My own father is a model example of this problem. My father left school at about 15 to start an apprenticheship as a typesetter, and aside from a brief break to work as a hydatids control officer in New Zealand, worked for 40 years as a typesetter until computers destroyed his entire industry in the late 1980s. Finally he was sacked from his job in a small Australian country town, with no severance pay or future, and forced onto unemployment benefits in his early 50s. As a result our house was repossessed, he declared bankruptcy and returned to the UK to live on unemployment benefits, leaving me to fend for myself at the age of 17. This was emblematic of the devastation that computers wrought on this industry in the 1990s, and basically an entire generation of men were driven out of work and replaced by young university graduates with computers. My understanding is that subsequent shake-ups in the industry saw it further consolidated so that the small company my father worked for was probably also extinguished, and replaced with, first, print distribution centres in the big cities, and then print-on-demand services. Now the work of probably 100 typesetters is done by just one person handling print requests from professionals using word software. For my father (and his family) nothing about this story is good, but from an economic and industrial perspective this is exactly what needed to happen, and I benefit from it all the time in the form of cheap printed books and the ease of just emailing a file to Kinko’s and getting it a day later, instead of having to deal with a cranky old bigot like my father whenever I want to print a report. Win! Except for my father and his family …

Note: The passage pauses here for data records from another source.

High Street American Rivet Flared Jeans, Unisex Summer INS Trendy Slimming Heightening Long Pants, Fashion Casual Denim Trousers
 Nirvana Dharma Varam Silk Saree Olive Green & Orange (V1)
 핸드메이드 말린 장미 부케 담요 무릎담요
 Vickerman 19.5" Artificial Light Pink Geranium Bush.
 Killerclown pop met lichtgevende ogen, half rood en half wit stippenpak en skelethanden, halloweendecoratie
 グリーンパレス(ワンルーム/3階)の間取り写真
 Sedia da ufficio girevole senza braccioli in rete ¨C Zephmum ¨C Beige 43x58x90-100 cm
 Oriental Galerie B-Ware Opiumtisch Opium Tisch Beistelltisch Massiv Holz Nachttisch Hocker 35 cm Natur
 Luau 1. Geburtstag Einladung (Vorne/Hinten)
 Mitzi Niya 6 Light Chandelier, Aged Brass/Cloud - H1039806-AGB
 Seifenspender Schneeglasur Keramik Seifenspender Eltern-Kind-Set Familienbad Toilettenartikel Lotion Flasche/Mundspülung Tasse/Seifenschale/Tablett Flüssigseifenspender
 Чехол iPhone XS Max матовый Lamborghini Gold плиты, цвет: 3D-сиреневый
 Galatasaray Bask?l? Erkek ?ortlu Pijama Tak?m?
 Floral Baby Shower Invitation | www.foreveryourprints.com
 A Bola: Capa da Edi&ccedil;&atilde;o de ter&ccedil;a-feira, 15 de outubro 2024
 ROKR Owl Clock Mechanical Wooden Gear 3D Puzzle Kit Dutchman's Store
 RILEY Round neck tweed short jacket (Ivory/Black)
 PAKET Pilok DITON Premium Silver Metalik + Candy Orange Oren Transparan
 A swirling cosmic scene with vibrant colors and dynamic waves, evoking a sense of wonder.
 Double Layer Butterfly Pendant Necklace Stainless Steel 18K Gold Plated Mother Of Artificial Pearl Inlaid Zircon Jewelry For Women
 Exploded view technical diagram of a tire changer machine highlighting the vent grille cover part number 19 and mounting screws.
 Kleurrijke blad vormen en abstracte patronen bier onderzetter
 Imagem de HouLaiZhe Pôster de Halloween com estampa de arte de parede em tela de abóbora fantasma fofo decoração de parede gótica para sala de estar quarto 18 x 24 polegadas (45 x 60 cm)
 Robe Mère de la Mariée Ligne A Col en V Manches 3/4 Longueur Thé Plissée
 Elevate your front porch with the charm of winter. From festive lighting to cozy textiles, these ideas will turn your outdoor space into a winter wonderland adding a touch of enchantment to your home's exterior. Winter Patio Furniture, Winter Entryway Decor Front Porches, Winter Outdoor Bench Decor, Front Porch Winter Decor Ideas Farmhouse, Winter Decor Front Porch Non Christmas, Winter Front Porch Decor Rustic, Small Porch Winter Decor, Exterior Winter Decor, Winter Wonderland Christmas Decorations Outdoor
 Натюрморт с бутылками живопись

For my father, thrown onto the dole queue at 50, there was really no solution to this problem. Nobody hires 50 year old men into entry-level positions, and there was no work in his industry anymore, which was in freefall. Sure he could have tried to get work as a taxi driver or some other kind of alternative industry, but these all have barriers to access and they don’t tend to pay entry-level workers the salary they need to support a family and a mortgage. There was no gig economy in the 1990s (nor would a gig economy support the lifestyle needs of a 50 year old man with a family). Like most working class men of his era, he didn’t have the capital to set up his own business, and the only business he could have set up was in any case being systematically destroyed by the computer age. To be clear, my father tried to keep ahead of the game in his field – he wasn’t a slacker, and for example my earliest experience of computers for work was the Mac he brought home in 1988 that didn’t even have a hard drive, on which he was teaching himself to do typesetting tasks (I think he used Adobe products even then!). But staying ahead of the game doesn’t work in an industry slated for destruction, and even in an industry where he might have been able to set up consulting work opportunities the chances of success were limited. Many economists would suggest that this destructive process is liberating, freeing up people like my dad to find new opportunities – to sink or swim in the new economy – but the reality is that when you lose your job with a mortgage and family, in your fifties, in a country town, you don’t swim. You sink. Which is what my dad did, very rapidly.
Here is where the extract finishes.